VLT campineiro enferruja em Rio Claro
09/03/2008 - Cosmo Online (SP)
O Veículo Leve sobre Trilhos, o VLT, que circulou em Campinas entre 1990 e 1995 e representou o maior fracasso na tentativa de dotar a cidade de um sistema alternativo de transporte, está virando sucata no pátio ferroviário de Rio Claro (a 87 quilômetros do município de origem). Pichado, vidros quebrados, lataria amassada, sinais de incêndio no interior de alguns dos carros, o VLT é testemunha de como o governo conseguiu jogar, literalmente no lixo, US$ 120 milhões, gastos nos trilhos e nas estações, algumas das quais nunca chegaram a funcionar.

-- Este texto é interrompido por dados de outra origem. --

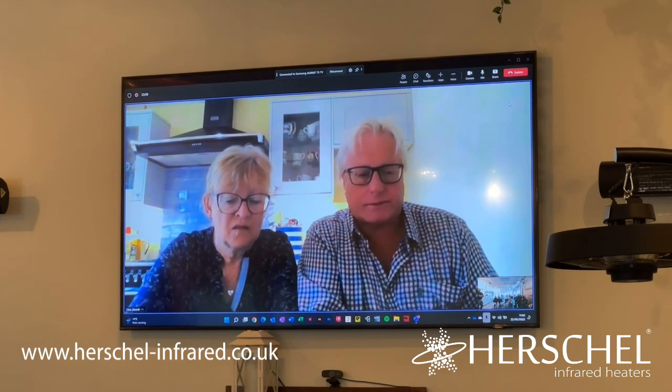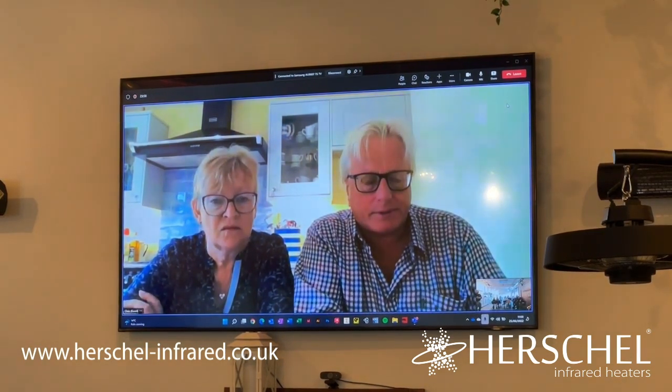We looked very seriously at air source heat pumps and had two or three quotes, but they were hugely expensive at that time. I know things have improved somewhat — VAT is no longer charged on them — but even so it's a lot of cash to find up front, possibly at the expense of other parts of the building refurb. It was a direct choice between a new roof and an air source heat pump, and we had to have the roof.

Essa situação mostra o absurdo dos projetos iniciados para render votos, sem qualquer estudo de viabilidade. Muito dinheiro foi jogado fora, o VLT foi desativado e nada ocorreu. Temos agora um patrimônio virando lixo, quando poderia ser recuperado. Se não há como trafegar em Campinas, que entre uso em São Paulo, Rio de Janeiro, afirmou o consultor em transportes, José Roberto de Alencar, que acompanhou a implantação do VLT na cidade.
Três composições duplas estão em Rio Claro e cada uma delas ainda traz afixado no vidro da cabine os destinos: a primeira, com destino ao bairro Campos Elíseos; a segunda para a Vila Teixeira e a terceira para a Vila Pompéia. Estão paradas uma atrás da outra, formando uma fila de cabines e carros de cerca de cem metros e abrigadas dentro de um dos muitos galpões utilizados pela concessionária de ferrovias América Latina Logística (ALL), em Rio Claro.
O VLT estava sob a custódia da extinta Rede Ferroviária Federal S.A. (RFFSA), como ocorreu com vagões, locomotivas, trilhos, carros que não integraram o programa de concessão ferroviária e acabaram abandonados ao longo das ferrovias. Com a extinção da RFFSA, os bens passaram para a esfera patrimonial do Departamento Nacional de Infra-Estrutura dos Transportes (DNIT) que tem a guarda atual. Mas o VLT está guardado no pátio da ALL, em Rio Claro. A concessionária informou, no entanto, que apenas cedeu o espaço para o DNIT guardar os materiais. Antes de ir para Rio Claro, o VLT fabricado pela Cobrasma, estava no pátio em Jundiaí, para onde foi em maio de 1997.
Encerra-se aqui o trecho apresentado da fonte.